But Colorado’s suspension of a kindergartner for an object about which it would take an enormous leap of logic to describe as a fake weapon counters anything to do with safety — or weapons.
Just because the district boasts the student’s suspension is consistent with others for similar incidents — a Nerf gun? — doesn’t make the policy any less a foray into the absurd.
In 2013, Huffington Postlisted six highly suspect suspensions for so-called fake weapons brought to school be young children.
A seven-year-old Maryland second-grader was suspended for nibbling a Pop-Tart into the shape of a gun. Another in the same state for a bright red cap gun — which, though the suspension was lifted, inexcusably remains on the student’s record. That student’s mother told the Washington Post her child was interrogated for two hours over the incident — which understandably scared him to the point he wet himself.

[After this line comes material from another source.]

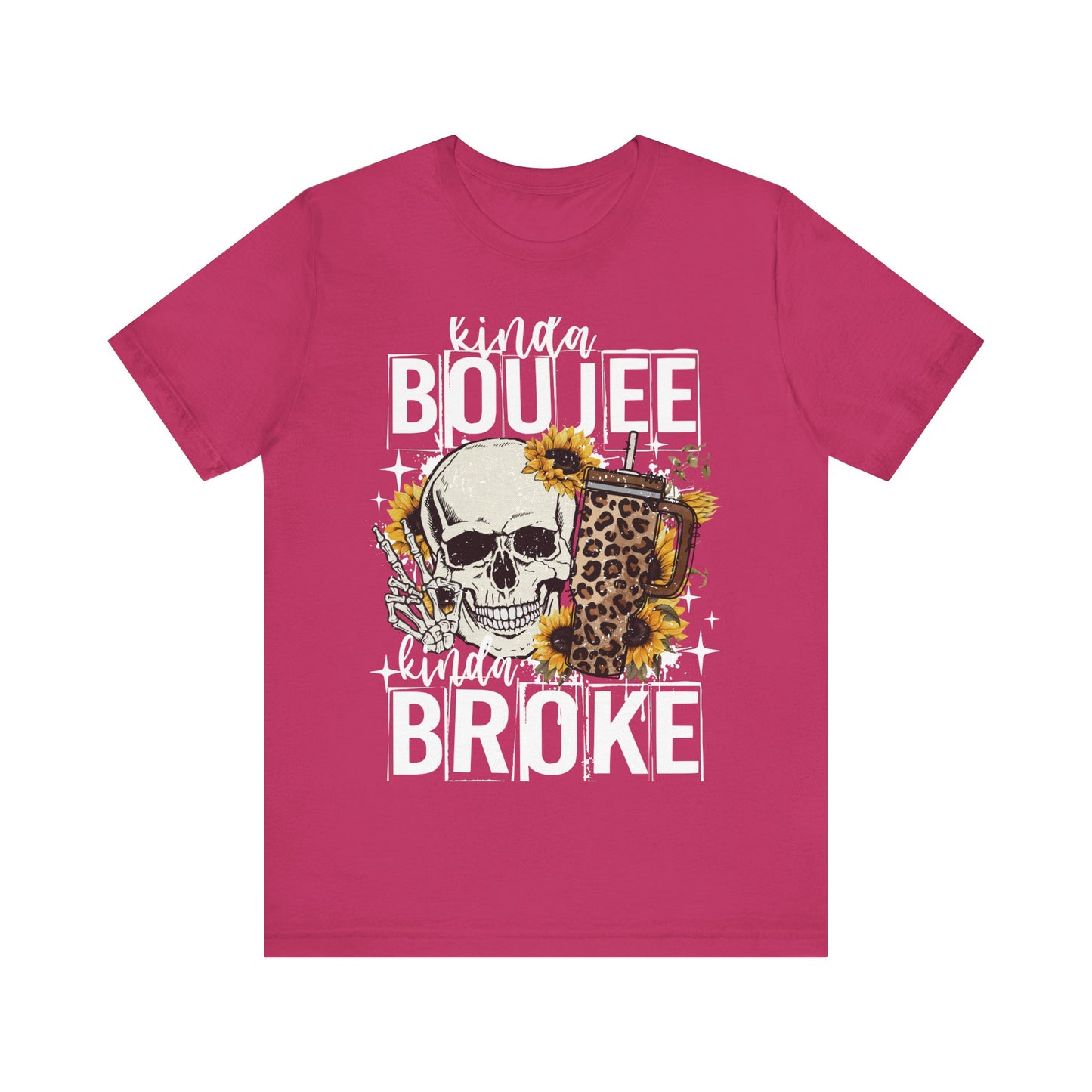 Kinda Boujee, Kinda Broke🌻 Unisex Jersey Short Sleeve Tee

In Pennsylvania, a five-year-old girl caught a suspension for a bright pink-and-yellow Hello Kitty bubble gun. An eight-year-old in Florida was suspended — for playing cops and robbers. He pointed his finger at another student during the game, saying ‘pow pow.’
Perhaps most dystopically telling of all, two Virginia middle school students were suspended for a full year for playing with airsoft guns — at one of the student’s homes. A supposedly concerned neighbor called the cops — despite the fact she claimed she knew the guns were fake, which she told the dispatcher. What excuse, then, could she possibly have used to call police in that incident?
This is what happens when a cowed culture allows the State to decide what’s best — as if we, as a people, somehow possibly couldn’t parse that out on our own. It’s ludicrous. It’s nonsensical. And it needs to be reined in before a single other kindergarten’s record is permanently tarnished because of cultural paranoia surrounding guns.
Education and rationality, not confiscation and wholly unjustified fear, is key to gun policy — and to generally helping the U.S. get a grip.